Paket „A“ zu 10 Dollar mit

11,1 kg Mehl
4,5 kg Bohnen
3,6 kg Speck
8 Dosen Milch

Paket „B“ zu 50 Dollar mit

63,5 kg Mehl
22,6 kg Bohnen
7,3 kg Speck
6,8 kg Schweineschmalz
5,4 kg Corned Beef
48 Dosen Milch

Die Pakete „C“ und „D“ entsprachen den Ansprüchen an eine koschere Ernährung und hatten statt der Fleischprodukte eine gleichwertige Menge Baumwollsamenöl zum Inhalt.
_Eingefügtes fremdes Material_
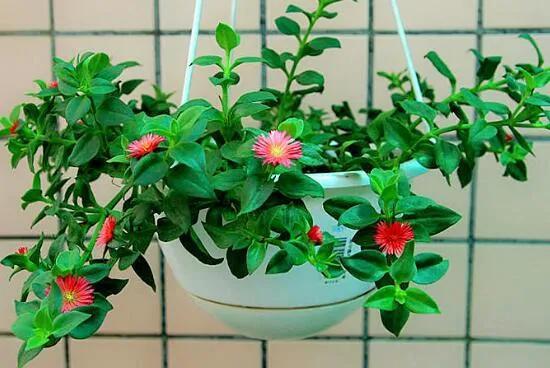 养花人养的花都有哪些,什么花养人又健康又好养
Ab November 1920 sinkende Lebensmittelpreise erlaubten die Beifügung von Zucker und Kakao.

Während der großen russischen Hungersnot von 1921 kam nur eine 10 Dollar kostende Ausführung zum Einsatz, mit folgendem Inhalt:

22,2 kg Mehl
11,3 kg Reis
1,4 kg Tee
4,5 kg Fett
4,5 kg Zucker
10 Dosen Milch

Ein Verkaufsschlager

Eine Zeitungsmeldung anlässlich der Eröffnung der Berliner ARA Warehouse-Zweigstelle Anfang September 1920 berichtete von 800.000 verkauften 10-$-Paketen und 50.000 Exemplaren zu 50 Dollar.[2] Für Russland bestimmte Überweisungen ergaben nochmals fast eine Million Pakete. Die Lebensmittelwechsel waren mit dem Namen des Empfängers versehen und nicht übertragbar. Wer ohne eine bestimmte Zielperson wohltätig sein wollte, konnte einen Wechsel für „General Relief“ (Allgemeinhilfe) ausstellen, der von der A.R.A. zugunsten bedürftiger Personen verwendet wurde – Vorwegnahme des Prinzips der CARE-Pakete nach dem Zweiten Weltkrieg.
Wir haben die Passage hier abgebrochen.